### Work to complete
Look in the listing below for the line that has "De mistige necropolis koffiemok (Links)", then return it and each following line up to and including the one with "Used 2022 Tesla", exactly and without pictures.

### Recorded data

--

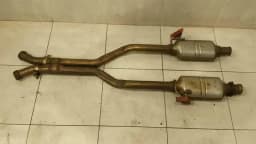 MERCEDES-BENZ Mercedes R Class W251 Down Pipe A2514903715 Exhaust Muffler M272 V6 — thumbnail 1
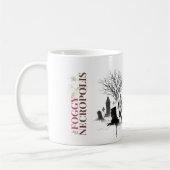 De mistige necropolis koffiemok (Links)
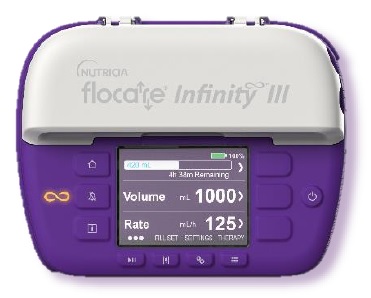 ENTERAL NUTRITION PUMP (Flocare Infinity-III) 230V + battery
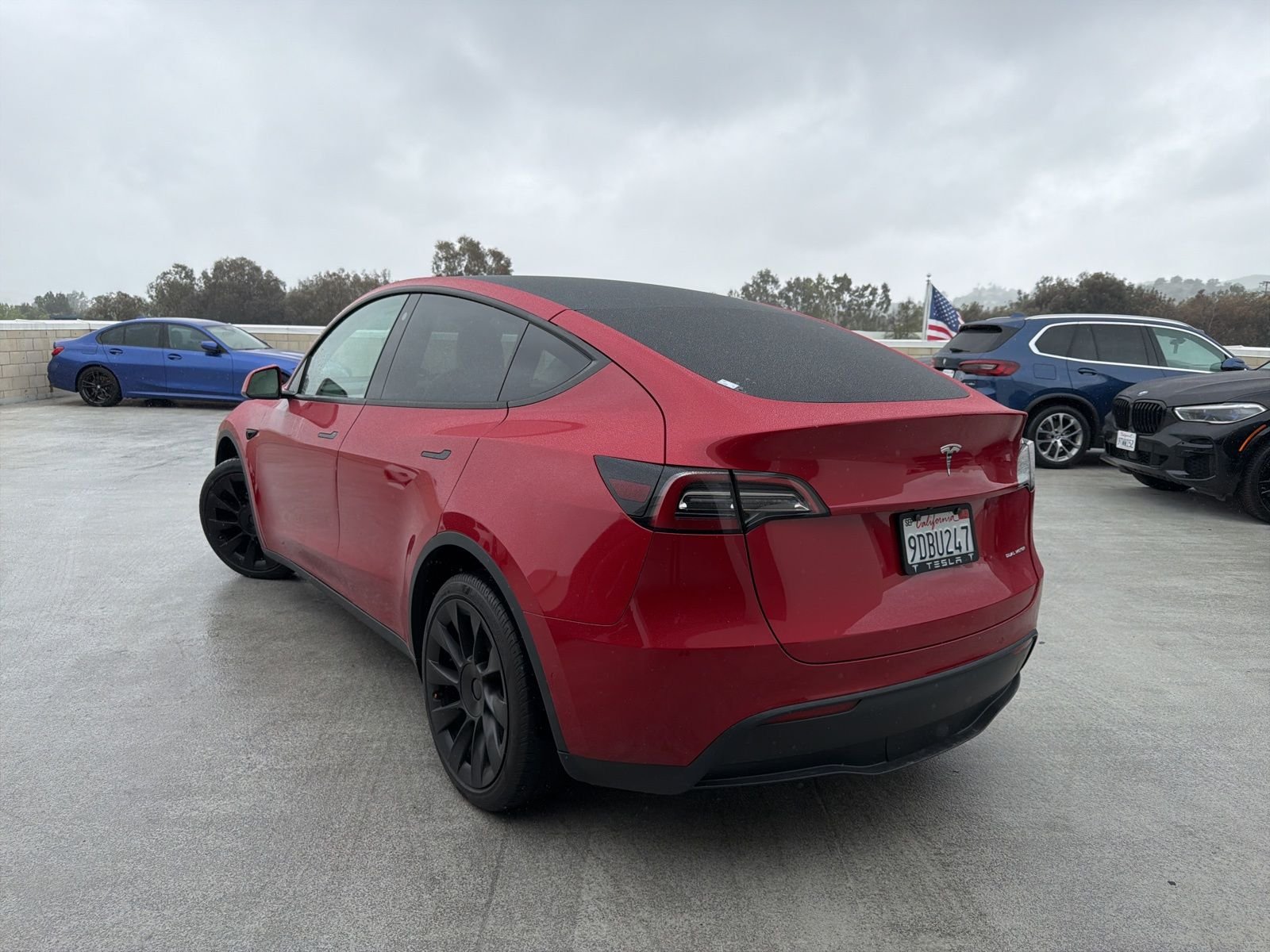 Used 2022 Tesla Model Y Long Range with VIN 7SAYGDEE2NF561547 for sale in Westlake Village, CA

--

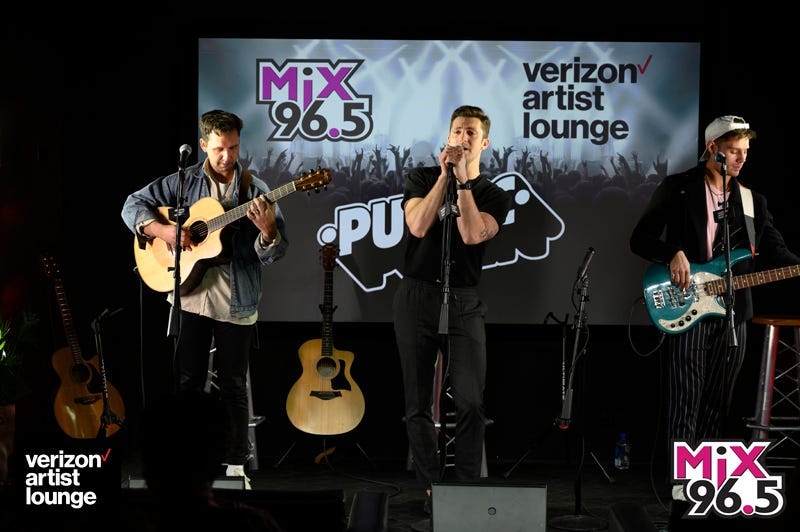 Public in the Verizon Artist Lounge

--

### Problem solution
 De mistige necropolis koffiemok (Links)
 ENTERAL NUTRITION PUMP (Flocare Infinity-III) 230V + battery
 Used 2022 Tesla Model Y Long Range with VIN 7SAYGDEE2NF561547 for sale in Westlake Village, CA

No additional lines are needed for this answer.